Sigmoidoscopy: A procedure to look inside the rectum and sigmoid (lower) colon for polyps, abnormal areas, or cancer. A sigmoidoscope (a thin, lighted tube) is inserted through the rectum into the sigmoid colon. Polyps or tissue samples may be taken for biopsy.
Colonoscopy: A procedure to look inside the rectum and colon for polyps, abnormal areas, or cancer. A colonoscope (a thin, lighted tube) is inserted through the rectum into the colon. Polyps or tissue samples may be taken for biopsy.



Biopsy: The removal of cells or tissues so they can be viewed under a microscope to check for signs of cancer.





Virtual colonoscopy: A procedure that uses a series of x-rays called computed tomography to make a series of pictures of the colon. A computer puts the pictures together to create detailed images that may show polyps and anything else that seems unusual on the inside surface of the colon. This test is also called colonography or CT colonography.

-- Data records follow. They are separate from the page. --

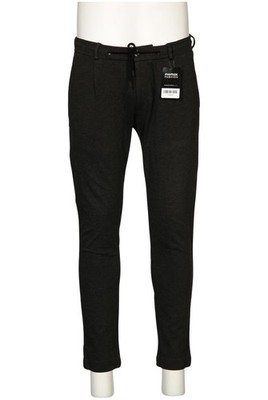 Bugatti Stoffhose Herren Hose Pants Chino Gr. W35 Baumwolle Schwarz #vzg6xe6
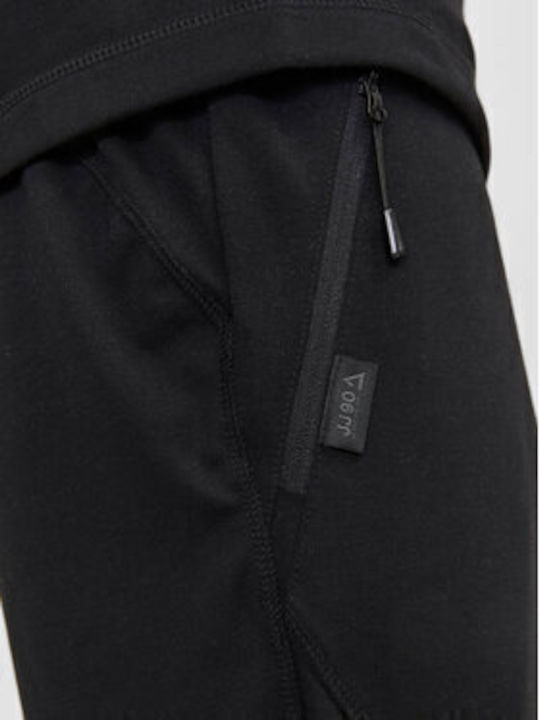 Jogginghose mit Gummizug Black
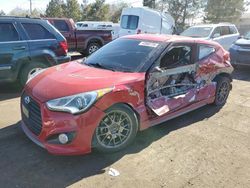 Hyundai Vehiculos salvage en venta: 2015 Hyundai Veloster Turbo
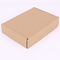 Wellpappe 350g Kraftpapier packt transparente Geschenkbox ein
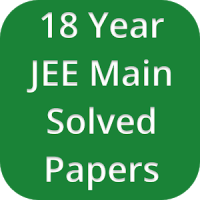 18 Years JEE Main Solved Papers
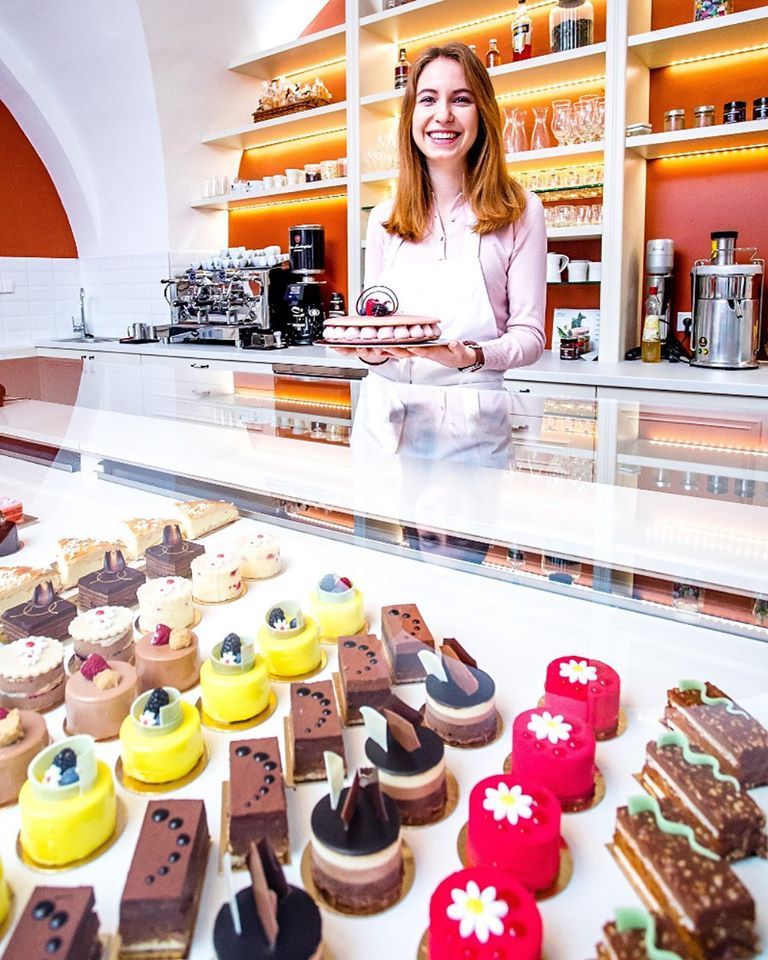 Кондитерская Saint Tropez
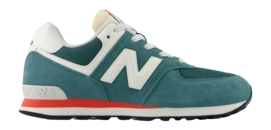 Sneaker New Balance GC574VPG Kinder New Spruce/Blast Red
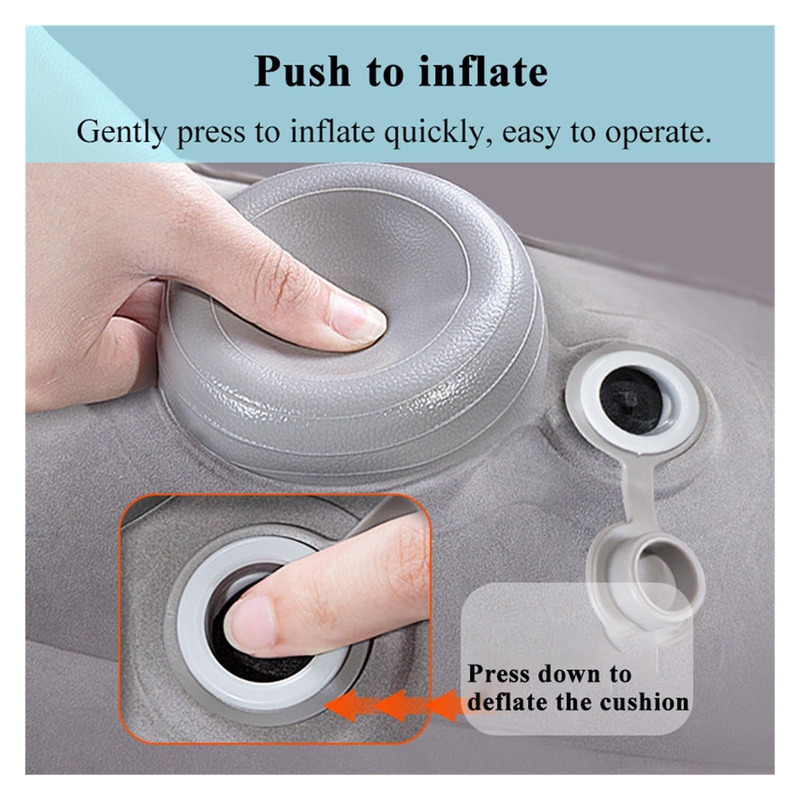 New Inflatable Stool Pillow 2  - Furniture Foot Pad 评论和价格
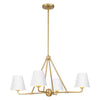 Crystorama Xavier 4-Light Chandelier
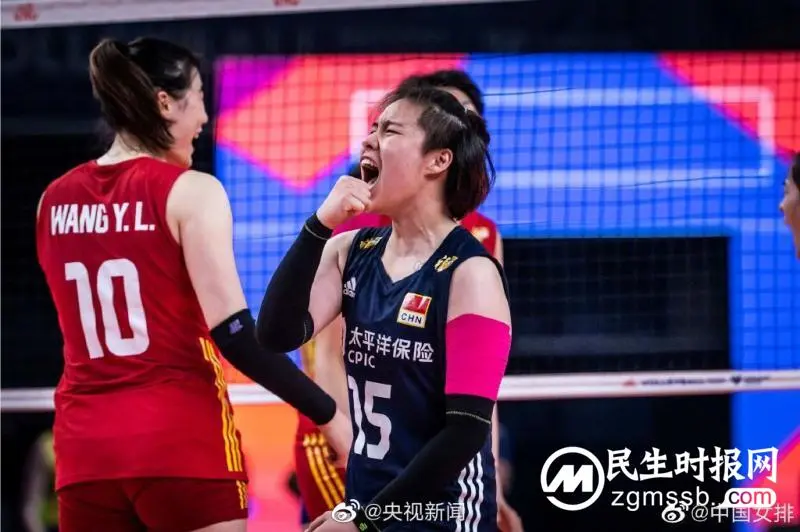 世界女排联赛：中国女排惜败巴西队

HOW TO TREAT COLON CANCER?

Stage 0 Colon Cancer

Stage 0 colon cancer is the most superficial of all the lesions and is limited to the mucosa without invasion of the lamina propria.

Treatment options:

Local excision or simple polypectomy with clear margins.
Colon resection for larger lesions not amenable to local excision.
Stage I Colon Cancer

Because of its localized nature, stage I has a high cure rate.

Treatment options:

Wide surgical resection and anastomosis. The role of laparoscopic techniques in the treatment of colon cancer is under evaluation in a multicenter prospective randomized trial comparing laparoscopic-assisted colectomy (LAC) to open colectomy. The quality-of-life component of this trial has been published and reported minimal short-term quality-of-life benefits with LAC.

Stage II Colon Cancer

Treatment options:

Wide surgical resection and anastomosis. The role of laparoscopic techniques in the treatment of colon cancer is under evaluation in a multicenter prospective randomized trial comparing laparoscopic-assisted colectomy (LAC) to open colectomy.
Following surgery, patients should be considered for entry into carefully-controlled clinical trials evaluating the use of systemic or regional chemotherapy, radiation therapy, or biologic therapy.
Adjuvant therapy

The potential value of adjuvant therapy for patients with stage II (Dukes’ B or MAC B2 or B3) colon cancer also remains controversial. Although subgroups of patients with stage II colon cancer may be at higher-than-average risk for recurrence (including those with anatomic features such as tumor adherence to adjacent structures, perforation, complete obstruction, or with biologic characteristics such as aneuploidy, high S-phase analysis, or deletion of 18q), evidence is inconsistent that adjuvant 5-fluorouracil (5-FU)-based chemotherapy is associated with an overall improved survival compared with surgery alone. Investigators from the National Surgical Adjuvant Breast and Bowel Project have indicated that the reduction in risk of recurrence by adjuvant therapy in patients with stage II disease is of similar magnitude to the benefit seen in patients with stage III disease treated with adjuvant therapy, although an overall survival advantage has not been established. A randomized trial of postoperative fluorouracil plus levamisole compared to surgery alone showed no survival advantage to postoperative adjuvant chemotherapy. A meta-analysis of 1,000 stage II patients whose experience was amalgamated from a series of trials indicates a 2% advantage in disease-free survival at 5 years when adjuvant therapy-treated patients treated with 5-FU-leucovorin are compared to untreated controls. Patients with stage II colon cancer remain candidates for clinical trials in which either surgery alone or 5-FU-leucovorin represent standard therapy.

Stage III Colon Cancer

Stage III colon cancer denotes lymph node involvement. Studies have indicated that the number of lymph nodes involved affects prognosis; patients with 1 to 3 involved nodes have a significantly better survival than those with 4 or more involved nodes.

Treatment options:

Wide surgical resection and anastomosis. The role of laparoscopic techniques in the treatment of colon cancer is under evaluation in a multicenter prospective randomized trial comparing laparoscopic-assisted colectomy (LAC) to open colectomy. The quality-of-life component of this trial has been published and reported minimal short-term quality-of-life benefits with LAC.
For patients who are not candidates for clinical trials, postoperative chemotherapy with fluorouracil (5-FU)-leucovorin for 6 months. Based on preliminary results from the MOSAIC trial presented at the American Society of Clinical Oncology meeting in 2003, adjuvant FOLFOX4 (oxaliplatin, leucovorin, 5-FU) demonstrated prolonged 3-year survival but did not demonstrate an overall survival advantage.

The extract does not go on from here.